(Crawled caption data)
· · · ·

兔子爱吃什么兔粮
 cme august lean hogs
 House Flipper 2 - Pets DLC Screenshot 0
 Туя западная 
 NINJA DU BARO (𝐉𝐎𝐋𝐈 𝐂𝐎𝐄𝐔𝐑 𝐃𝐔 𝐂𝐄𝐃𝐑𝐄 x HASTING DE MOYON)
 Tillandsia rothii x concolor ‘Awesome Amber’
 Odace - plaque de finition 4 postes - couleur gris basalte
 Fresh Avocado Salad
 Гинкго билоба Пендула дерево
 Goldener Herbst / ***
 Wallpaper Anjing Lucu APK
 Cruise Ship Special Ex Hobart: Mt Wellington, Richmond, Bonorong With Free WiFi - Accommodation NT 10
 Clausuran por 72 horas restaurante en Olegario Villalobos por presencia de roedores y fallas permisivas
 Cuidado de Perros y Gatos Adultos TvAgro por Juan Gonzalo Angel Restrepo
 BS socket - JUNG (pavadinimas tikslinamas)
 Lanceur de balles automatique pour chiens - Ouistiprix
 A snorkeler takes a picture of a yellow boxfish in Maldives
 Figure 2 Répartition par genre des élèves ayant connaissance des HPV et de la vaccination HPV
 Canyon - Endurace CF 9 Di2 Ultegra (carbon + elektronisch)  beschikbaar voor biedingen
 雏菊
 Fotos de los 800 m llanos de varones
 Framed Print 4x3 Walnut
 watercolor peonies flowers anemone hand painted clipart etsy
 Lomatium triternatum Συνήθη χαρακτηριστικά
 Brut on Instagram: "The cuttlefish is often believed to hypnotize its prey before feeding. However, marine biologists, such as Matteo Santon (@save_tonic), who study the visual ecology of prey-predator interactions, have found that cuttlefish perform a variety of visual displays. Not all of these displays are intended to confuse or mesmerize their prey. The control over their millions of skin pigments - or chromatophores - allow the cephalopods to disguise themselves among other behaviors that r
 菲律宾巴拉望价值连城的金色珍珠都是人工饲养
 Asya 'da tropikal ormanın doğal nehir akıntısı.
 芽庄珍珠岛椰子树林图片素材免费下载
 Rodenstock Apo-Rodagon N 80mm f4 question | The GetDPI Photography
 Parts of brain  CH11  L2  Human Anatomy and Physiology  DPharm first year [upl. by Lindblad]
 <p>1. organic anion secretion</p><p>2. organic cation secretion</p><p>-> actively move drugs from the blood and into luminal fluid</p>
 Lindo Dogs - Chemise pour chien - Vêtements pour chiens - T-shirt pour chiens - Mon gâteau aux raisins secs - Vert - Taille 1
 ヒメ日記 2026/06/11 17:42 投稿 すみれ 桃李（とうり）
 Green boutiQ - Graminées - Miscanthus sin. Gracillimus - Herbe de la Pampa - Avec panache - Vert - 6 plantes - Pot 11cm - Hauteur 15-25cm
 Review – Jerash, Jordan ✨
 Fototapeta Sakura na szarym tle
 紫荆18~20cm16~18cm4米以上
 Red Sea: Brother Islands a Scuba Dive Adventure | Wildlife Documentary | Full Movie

· · · ·

Assigned task:
Could you reproduce exactly the lines of the entries above, from the one with "Parts of brain" through the one with "Lindo Dogs - Chemise", and nothing else?

Written response:
 Parts of brain  CH11  L2  Human Anatomy and Physiology  DPharm first year [upl. by Lindblad]
 <p>1. organic anion secretion</p><p>2. organic cation secretion</p><p>-> actively move drugs from the blood and into luminal fluid</p>
 Lindo Dogs - Chemise pour chien - Vêtements pour chiens - T-shirt pour chiens - Mon gâteau aux raisins secs - Vert - Taille 1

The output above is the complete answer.